[Exercise requirements]
Starting at the line that contains "9532 WINDWOOD DR, Boerne, TX 78006", transcribe every remaining line of the entries exactly, including the last one.

*** Opening of Data section ***

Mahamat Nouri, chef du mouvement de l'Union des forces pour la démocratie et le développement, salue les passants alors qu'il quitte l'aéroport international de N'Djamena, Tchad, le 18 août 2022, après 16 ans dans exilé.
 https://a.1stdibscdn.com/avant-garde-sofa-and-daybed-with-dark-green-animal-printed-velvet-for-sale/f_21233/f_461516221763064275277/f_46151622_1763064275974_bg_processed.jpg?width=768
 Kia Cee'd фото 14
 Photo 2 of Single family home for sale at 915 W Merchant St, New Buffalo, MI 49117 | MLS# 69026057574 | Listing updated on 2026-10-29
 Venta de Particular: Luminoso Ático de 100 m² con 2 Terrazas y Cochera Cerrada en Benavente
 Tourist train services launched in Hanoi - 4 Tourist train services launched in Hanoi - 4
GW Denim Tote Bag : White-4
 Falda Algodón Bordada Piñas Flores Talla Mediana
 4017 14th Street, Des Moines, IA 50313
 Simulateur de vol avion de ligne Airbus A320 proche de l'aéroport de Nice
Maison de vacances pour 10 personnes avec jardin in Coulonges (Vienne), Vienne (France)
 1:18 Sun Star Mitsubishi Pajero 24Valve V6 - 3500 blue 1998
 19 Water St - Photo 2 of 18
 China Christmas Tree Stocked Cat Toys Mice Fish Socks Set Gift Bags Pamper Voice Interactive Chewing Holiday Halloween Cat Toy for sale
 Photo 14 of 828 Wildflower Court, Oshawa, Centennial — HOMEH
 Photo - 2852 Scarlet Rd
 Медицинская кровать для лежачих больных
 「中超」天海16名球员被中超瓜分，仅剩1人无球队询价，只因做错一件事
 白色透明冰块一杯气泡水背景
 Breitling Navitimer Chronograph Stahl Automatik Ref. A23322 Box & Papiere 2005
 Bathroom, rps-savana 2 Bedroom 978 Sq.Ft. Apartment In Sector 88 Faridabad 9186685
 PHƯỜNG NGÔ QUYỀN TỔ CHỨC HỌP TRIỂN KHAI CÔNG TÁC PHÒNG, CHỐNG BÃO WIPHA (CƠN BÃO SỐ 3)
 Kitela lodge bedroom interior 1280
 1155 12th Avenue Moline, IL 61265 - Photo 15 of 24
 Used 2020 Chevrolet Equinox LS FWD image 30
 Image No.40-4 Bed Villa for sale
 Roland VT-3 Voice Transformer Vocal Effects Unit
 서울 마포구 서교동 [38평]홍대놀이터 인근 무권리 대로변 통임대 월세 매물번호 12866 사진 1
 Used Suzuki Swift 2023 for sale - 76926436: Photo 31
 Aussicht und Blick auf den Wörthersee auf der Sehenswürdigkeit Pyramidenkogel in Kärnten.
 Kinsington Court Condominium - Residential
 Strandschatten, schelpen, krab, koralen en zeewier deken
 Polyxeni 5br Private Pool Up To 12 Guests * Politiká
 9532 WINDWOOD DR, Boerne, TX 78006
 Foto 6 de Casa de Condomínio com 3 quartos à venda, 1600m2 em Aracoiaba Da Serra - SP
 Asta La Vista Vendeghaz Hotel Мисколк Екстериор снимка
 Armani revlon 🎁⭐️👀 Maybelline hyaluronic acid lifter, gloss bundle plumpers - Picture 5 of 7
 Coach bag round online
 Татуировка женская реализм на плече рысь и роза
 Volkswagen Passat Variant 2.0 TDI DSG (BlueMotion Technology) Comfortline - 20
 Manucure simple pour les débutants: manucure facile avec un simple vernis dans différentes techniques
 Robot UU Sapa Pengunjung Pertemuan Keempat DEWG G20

*** Close of Data section ***

[Task result]
 9532 WINDWOOD DR, Boerne, TX 78006
 Foto 6 de Casa de Condomínio com 3 quartos à venda, 1600m2 em Aracoiaba Da Serra - SP
 Asta La Vista Vendeghaz Hotel Мисколк Екстериор снимка
 Armani revlon 🎁⭐️👀 Maybelline hyaluronic acid lifter, gloss bundle plumpers - Picture 5 of 7
 Coach bag round online
 Татуировка женская реализм на плече рысь и роза
 Volkswagen Passat Variant 2.0 TDI DSG (BlueMotion Technology) Comfortline - 20
 Manucure simple pour les débutants: manucure facile avec un simple vernis dans différentes techniques
 Robot UU Sapa Pengunjung Pertemuan Keempat DEWG G20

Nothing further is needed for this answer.